One suggestion Litz made is to put a strip of grass in the road with trees down the middle, which would honor the past.

Development evolves

Long said Meadow Lane Farms can trace its start back to 2008. The development was originally going to be well over 400 houses, combining single-family and townhomes, he said.

But the zoning changed from higher density to suburban residential.

No other major development is planned for North Cornwall Township, Long said. The 2020 census hasn’t been released yet, but he estimated the municipality’s population to be more than 8,000.

DeSouza said the minimum lot size in Meadow Lane Farms is 15,000 square feet, or more than a third of an acre.

The market also is different from when the subdivision was proposed, he said, as townhouses are less in demand. And with the cost of developing land, it makes sense to build single-family homes, DeSouza said.

The first phase of Meadow Lane Farms will consist of 78 houses; a model should be up before the end of the year, he said.

The intent is to make six floor plans available, ranging from a 1,279-square-foot rancher to a 2,372-square-foot two-story house with a first-floor master suite and the option for a fifth bedroom. Some include basements.

DeSouza said the subdivision will most likely appeal to first-time move-up buyers and downsizers, as well as multigenerational families. “We have the ability to customize homes,” he said.

Prices aren’t finalized but will probably start at more than $300,000.
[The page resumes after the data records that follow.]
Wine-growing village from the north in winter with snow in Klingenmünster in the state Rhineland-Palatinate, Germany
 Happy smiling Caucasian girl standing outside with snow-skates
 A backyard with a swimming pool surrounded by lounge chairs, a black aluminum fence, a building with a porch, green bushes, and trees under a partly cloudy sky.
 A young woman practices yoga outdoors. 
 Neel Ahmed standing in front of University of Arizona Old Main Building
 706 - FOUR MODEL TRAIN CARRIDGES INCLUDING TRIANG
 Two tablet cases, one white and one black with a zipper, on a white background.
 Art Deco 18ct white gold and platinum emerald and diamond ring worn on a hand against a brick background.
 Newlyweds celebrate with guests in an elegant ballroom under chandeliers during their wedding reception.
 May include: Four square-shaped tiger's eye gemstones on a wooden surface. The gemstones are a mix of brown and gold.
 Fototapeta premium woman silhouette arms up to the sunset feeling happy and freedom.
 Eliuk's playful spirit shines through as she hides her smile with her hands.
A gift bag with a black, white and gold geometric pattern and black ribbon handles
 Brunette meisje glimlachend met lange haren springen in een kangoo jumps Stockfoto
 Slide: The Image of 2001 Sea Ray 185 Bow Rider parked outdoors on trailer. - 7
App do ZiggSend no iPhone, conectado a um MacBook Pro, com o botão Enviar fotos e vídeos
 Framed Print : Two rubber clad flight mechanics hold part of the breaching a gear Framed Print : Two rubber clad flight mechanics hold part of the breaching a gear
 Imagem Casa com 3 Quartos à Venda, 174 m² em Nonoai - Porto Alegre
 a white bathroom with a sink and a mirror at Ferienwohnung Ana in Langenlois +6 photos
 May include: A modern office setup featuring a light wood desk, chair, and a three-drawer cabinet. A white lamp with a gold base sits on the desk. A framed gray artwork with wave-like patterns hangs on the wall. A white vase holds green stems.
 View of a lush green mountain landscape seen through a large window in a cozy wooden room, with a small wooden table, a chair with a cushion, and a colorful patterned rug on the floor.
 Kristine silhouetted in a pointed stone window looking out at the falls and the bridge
He said the tract, in Cornwall-Lebanon School District, is a “beautiful piece of land.”

The development’s location should attract buyers from the Lancaster, Harrisburg and Hershey areas, DeSouza said, as well as Lebanon County.

Though DeSouza Brown, which also owns and manages apartments, is in Bala Cynwyd, “central Pennsylvania is the primary thrust of our market,” he said.

For example, the developer built Heatherfield, a 2,000-plus-home planned neighborhood in Lower Paxton Township.

DeSouza Brown’s rental communities, according to its website, are in Mechanicsburg, Enola, Hummelstown and Harrisburg.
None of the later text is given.